Sara Mesa disecciona este vínculo con una precisión casi quirúrgica. No hay melodrama, ni artificio; solo una prosa limpia, contenida, que avanza con la tensión de lo inevitable. La autora logra que el lector se sienta dentro de esa red invisible que une y asfixia a los personajes. Lo que parece al principio una historia sobre una relación extraña, se convierte en una reflexión sobre la soledad, la necesidad de ser visto, y el peligro de confundir el afecto con la posesión.
En Cicatriz, los objetos adquieren un protagonismo inquietante. Cada regalo funciona como una marca, una huella del poder que Knut ejerce sobre Sonia. La novela, de fondo, también habla de consumo, de cómo incluso los vínculos humanos pueden reducirse a un intercambio, a una transacción simbólica.

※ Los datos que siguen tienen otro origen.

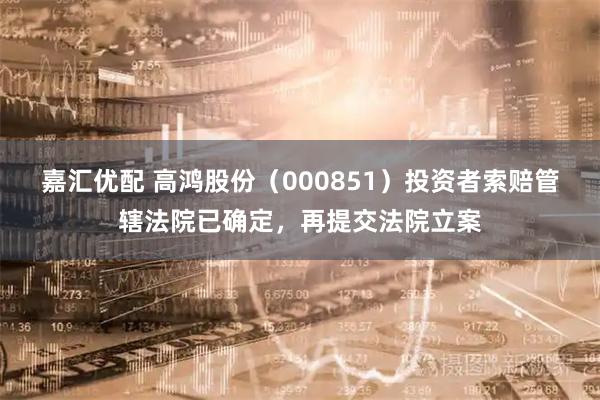 嘉汇优配 高鸿股份（000851）投资者索赔管辖法院已确定，再提交法院立案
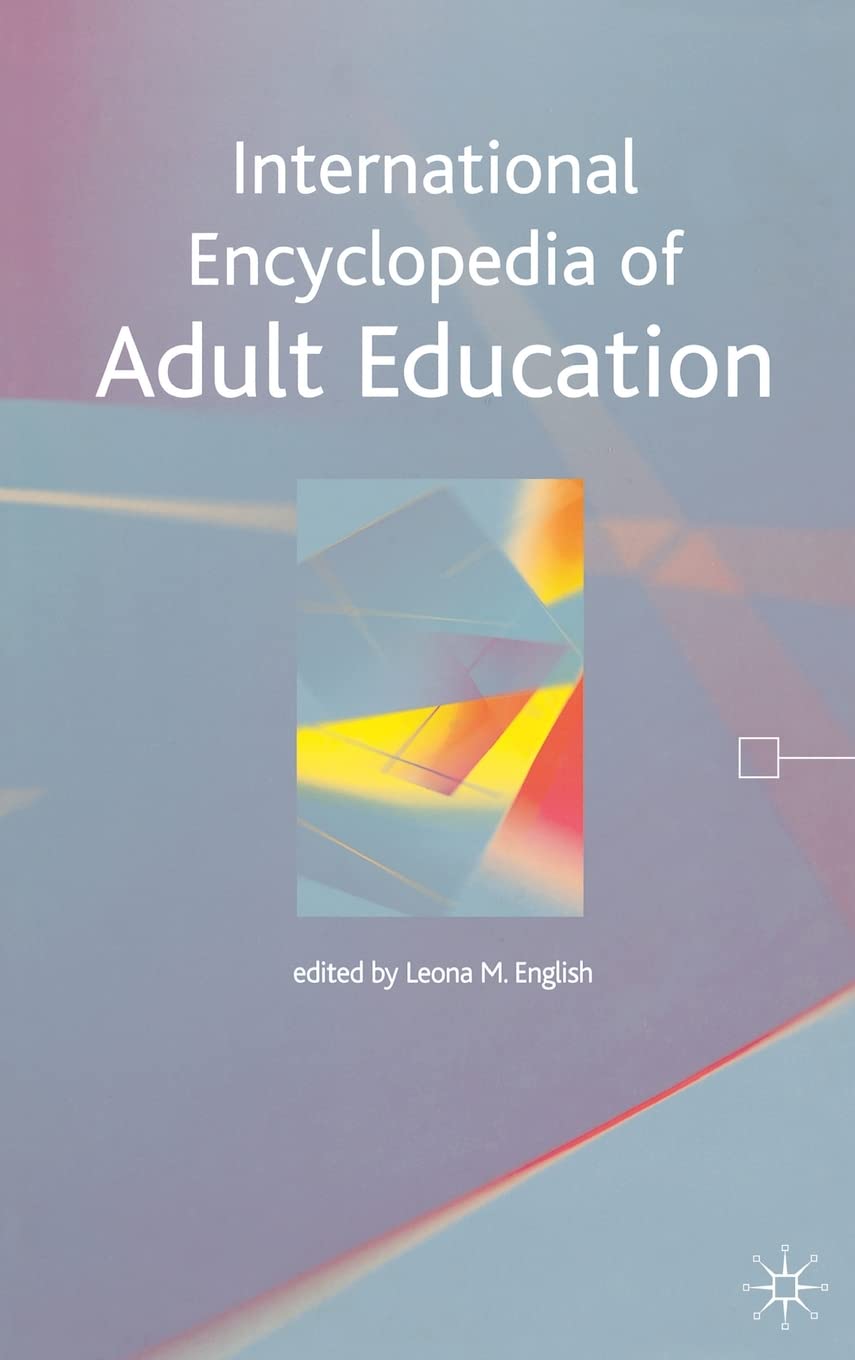 International Encyclopedia of Adult Education - Comprehensive Guide for Educators, Students & Professionals - Perfect for Classroom Teaching, Self-Study & Professional Development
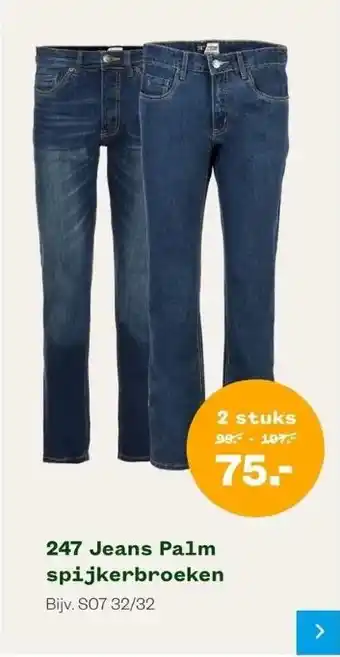 Welkoop 247 jeans palm spijkerbroeken aanbieding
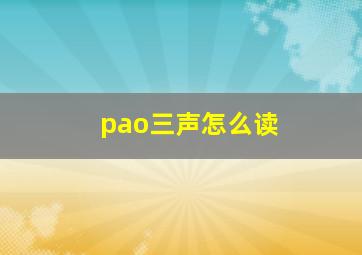 pao三声怎么读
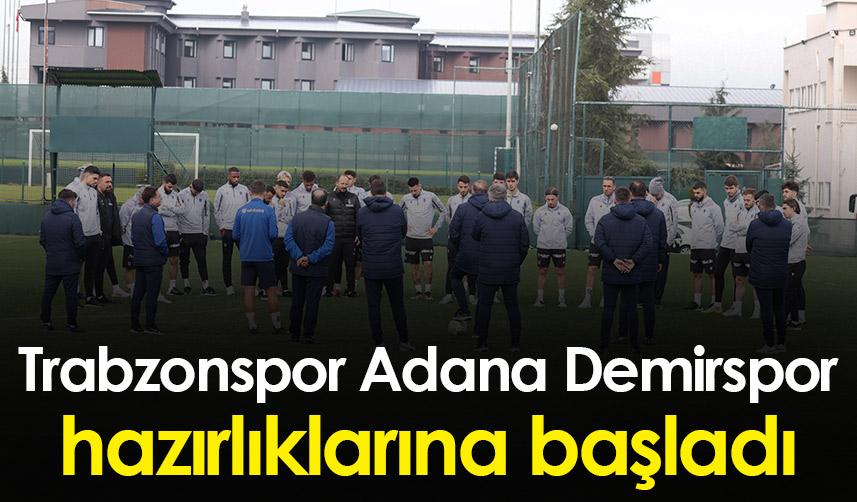 Trabzonspor Süper Lig'in 25. haftasında Adana Demirspor maçı hazırlıklarına başladı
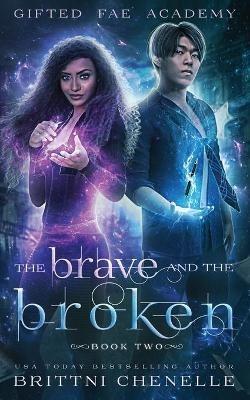 The Brave and the Broken - Brittni Chenelle - cover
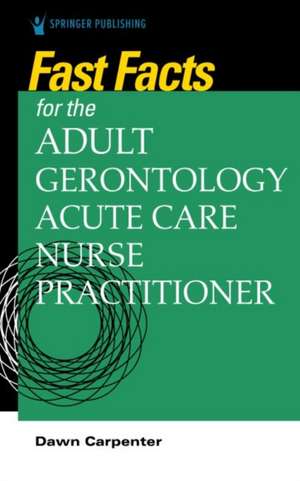 Fast Facts for the Adult-Gerontology Acute Care Nurse Practitioner de Dawn Carpenter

Sara Mesa evita los juicios morales. Nos deja en un territorio ambiguo donde resulta incómodo decidir quién tiene razón, quién manipula, quién se deja manipular. Su escritura —seca, precisa, casi entomológica— convierte la lectura en una experiencia de extraña lucidez.
Personalmente, Cicatriz me dejó una sensación parecida a la que queda tras una conversación demasiado íntima: cierta incomodidad, una mezcla de comprensión y repulsión, y la sospecha de que , en algún momento, hemos sido Sonia o Knut. Esa es, quizá, la mayor virtud de la novela: su capacidad para mostrarnos lo que preferiríamos no ver de nosotros mismos.